:: Your instructions ::
Repeat the records word for word, excluding any picture.

:: Records for processing ::

/---

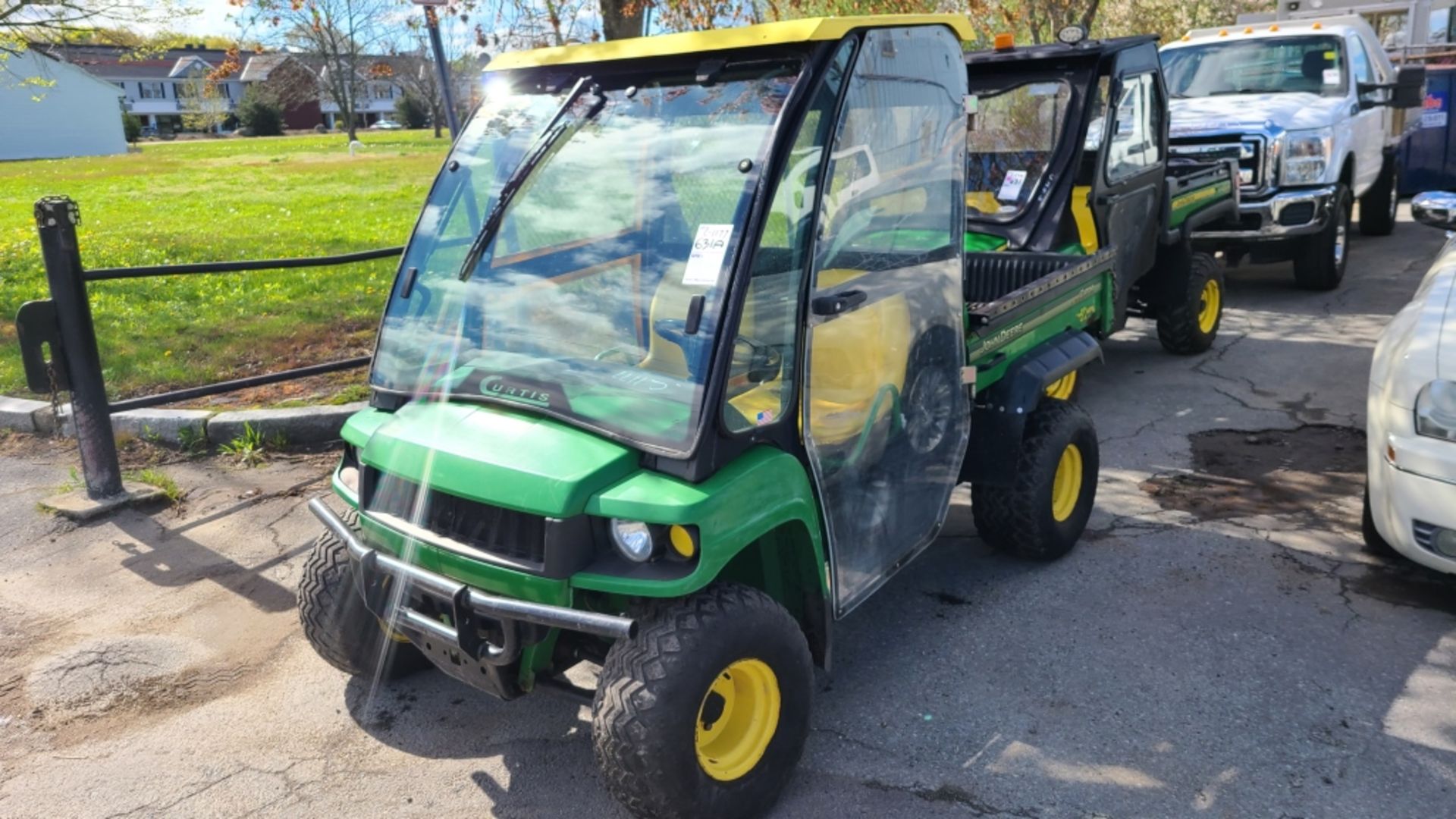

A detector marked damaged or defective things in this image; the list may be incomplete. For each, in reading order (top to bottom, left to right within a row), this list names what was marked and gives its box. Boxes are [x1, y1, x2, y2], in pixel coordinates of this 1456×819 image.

cracked asphalt [2, 206, 1456, 810]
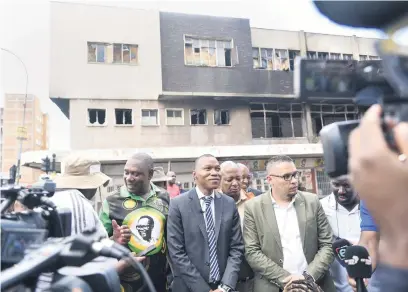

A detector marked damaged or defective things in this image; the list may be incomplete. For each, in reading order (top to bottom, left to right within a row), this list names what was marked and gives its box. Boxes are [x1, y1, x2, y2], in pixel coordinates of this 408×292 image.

broken window [87, 42, 138, 64]
broken window [183, 36, 234, 67]
broken window [87, 108, 106, 124]
charred window frame [87, 108, 107, 125]
broken window [115, 108, 132, 124]
charred window frame [115, 108, 132, 125]
broken window [141, 109, 159, 125]
broken window [167, 108, 184, 125]
broken window [190, 108, 207, 124]
charred window frame [190, 108, 207, 124]
broken window [214, 108, 230, 124]
broken window [249, 103, 302, 139]
charred window frame [249, 103, 302, 139]
broken window [310, 103, 358, 134]
charred window frame [310, 104, 358, 135]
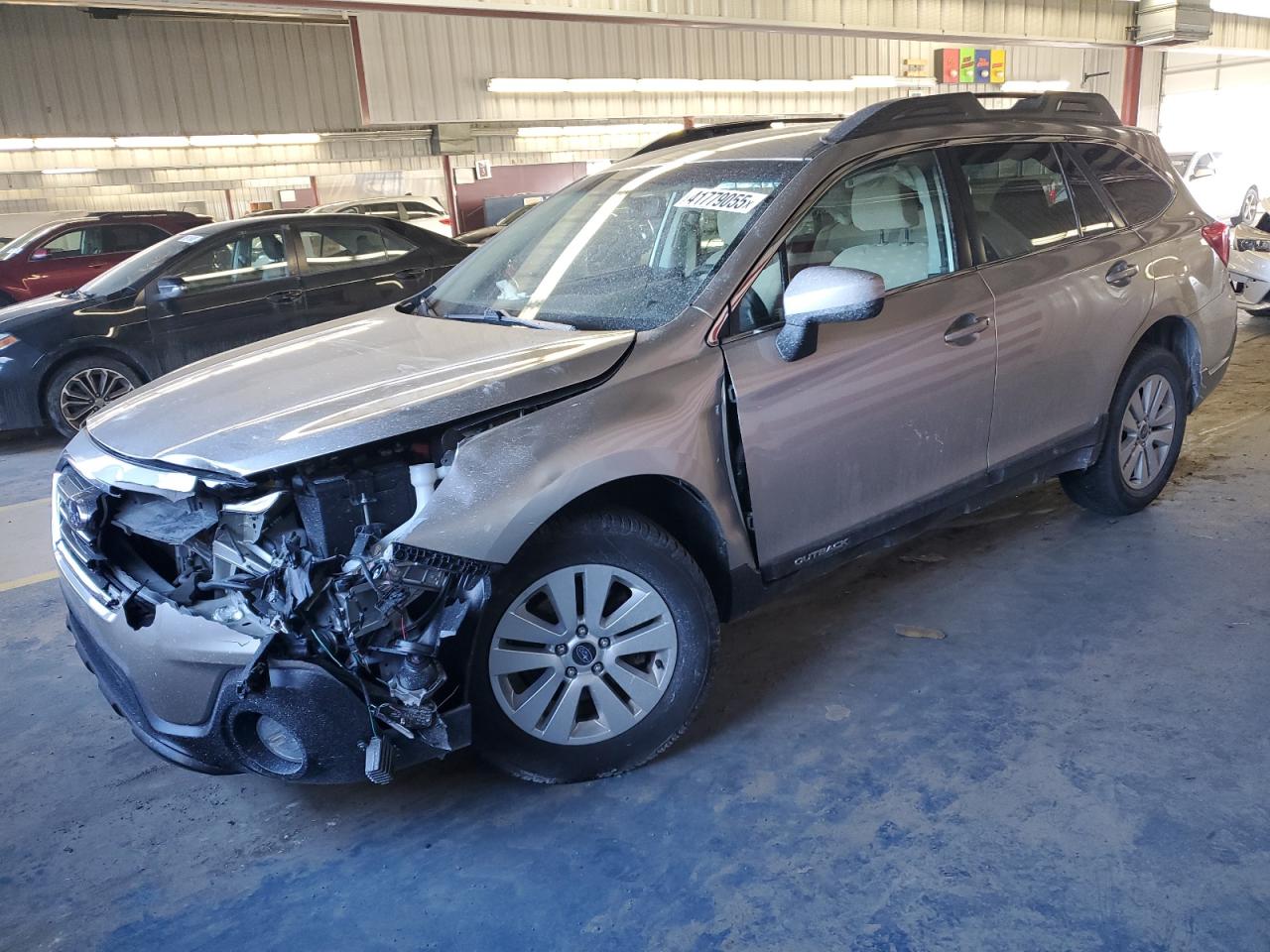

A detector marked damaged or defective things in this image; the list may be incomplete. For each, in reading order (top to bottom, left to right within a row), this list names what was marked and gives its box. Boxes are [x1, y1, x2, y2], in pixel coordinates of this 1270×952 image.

\---

:: Result for this task ::
A detector marked damaged or defective things in this image; the list may be incomplete. For each, in reading order (top to bottom, left to right within a row), this list names what was marked and gives its box. Boxes are [x1, y1, x2, y2], in pixel coordinates of this 1456×819 image.

cracked asphalt [2, 206, 1456, 810]

A detector marked damaged or defective things in this image; the list may be incomplete. For each, in reading order (top to bottom, left to right within a row), this list names what was marked and gives its box. Boxes are [x1, y1, x2, y2], in pixel coordinates of this 408×292 image.

broken window [87, 42, 138, 64]
broken window [183, 36, 234, 67]
broken window [87, 108, 106, 124]
charred window frame [87, 108, 107, 125]
broken window [115, 108, 132, 124]
charred window frame [115, 108, 132, 125]
broken window [141, 109, 159, 125]
broken window [167, 108, 184, 125]
broken window [190, 108, 207, 124]
charred window frame [190, 108, 207, 124]
broken window [214, 108, 230, 124]
broken window [249, 103, 302, 139]
charred window frame [249, 103, 302, 139]
broken window [310, 103, 358, 134]
charred window frame [310, 104, 358, 135]

A detector marked damaged or defective things in this image; the list may be incomplete. For each, in reading order (top to bottom, left to right within a row), this list names what was marked and gives its box. Boxes are [x1, y1, x2, y2], in pixel coordinates of this 1270×952 image.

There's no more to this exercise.